While removing the existing GC-dependent object archiving mechanism of the AOT cache would allow detangling implementation details of other GCs from object archiving, we will not consider that at this time as there is not enough data to make such a decision yet.

Success Metrics

It should not take significantly longer for the JVM to start with the new GC-agnostic archived object loader, compared to the alternative GC-specific archive object loaders for Serial GC, Parallel GC and G1 GC.

Motivation

Traditional garbage collectors (GCs) are famous for causing “tail latency” problems in Java workloads. By pausing application threads to collect garbage, some requests take significantly longer than they usually do. Applications may have a service level agreement (SLA), requiring tail latencies to be bounded for particular percentiles. For example an SLA could say that P99 response times (the 99th percentile) must be below 10 ms, meaning that the shortest response time among the 1% worst response times should not exceed 10 ms. ZGC is a low latency GC that has been available since JDK 15 (JEP 377). It greatly improves GC-induced tail latency by performing GC work concurrently.

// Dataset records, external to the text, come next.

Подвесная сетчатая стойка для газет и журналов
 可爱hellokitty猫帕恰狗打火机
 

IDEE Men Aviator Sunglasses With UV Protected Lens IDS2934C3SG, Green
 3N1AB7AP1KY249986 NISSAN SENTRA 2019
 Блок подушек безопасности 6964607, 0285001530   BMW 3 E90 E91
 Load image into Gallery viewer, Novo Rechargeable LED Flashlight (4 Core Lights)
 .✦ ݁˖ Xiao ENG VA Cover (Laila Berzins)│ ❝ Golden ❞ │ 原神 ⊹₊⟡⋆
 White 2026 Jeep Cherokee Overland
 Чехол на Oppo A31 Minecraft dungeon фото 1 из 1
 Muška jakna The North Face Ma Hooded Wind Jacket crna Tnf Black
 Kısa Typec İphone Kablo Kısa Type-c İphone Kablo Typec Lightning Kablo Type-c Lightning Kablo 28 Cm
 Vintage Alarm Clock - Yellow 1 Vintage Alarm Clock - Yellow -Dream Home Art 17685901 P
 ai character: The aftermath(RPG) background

However, GC is not the only JVM mechanism that causes tail latency. Java workloads are often "scaled out" by starting new instances to handle more incoming requests. Requests sent to the new instance take significantly longer than requests sent to a warmed-up JVM. This also causes tail latency. JEP 483: Ahead-of-Time Class Loading & Linking improves startup/warmup induced tail latency by capturing much of the corresponding work in an AOT cache.

The AOT cache contains data about the state of an application from a training run. Some of this data is Class objects for all the loaded classes in the program. For example, a training run of the Spring Petclinic 3.2.0 program creates a 130 MB AOT cache which contains Class objects for ~21,000 loaded and linked classes. These objects are stored in the AOT cache and are loaded into the Java heap when the application is run again in order to make class loading appear instantaneous. Unfortunately, the object archiving mechanism used by the AOT cache is incompatible with ZGC. This is unfortunate as it forces latency conscious users to choose whether they would like their application to suffer from GC induced tail latency or startup/warmup induced tail latency.

To reduce tail latency, it is important to use a systems approach, where all components are designed to work together. This JEP introducing a GC agnostic object archiving mechanism for the AOT cache, allowing it to be used with ZGC as well as any other GC. This way, users that wish to improve startup/warmup induced tail latency by using the AOT cache are no longer forced to select a GC other than ZGC which adds tail latency elsewhere.

Description

An AOT cache helps starting the program 42% faster. The startup/warmup optimizations that rely on object archiving risk being undermined by the cost of loading archived objects. Therefore, efficient archived object loading is important for the AOT cache.

Offline Layout Challenges

The current object archiving system of the AOT cache directly maps memory from an archive file straight into the Java heap, which is efficient. However, in order for this approach to work well, the layout in the file has to exactly match, bit by bit, what the GC (and the rest of the JVM) expects to see at runtime. There are three different layers of layout policies that might cause bits not to match. These layout concerns are:

  1. Heap layout. The heap layout is a high level strategy for where in the heap a GC chooses to place objects of a particular size and class.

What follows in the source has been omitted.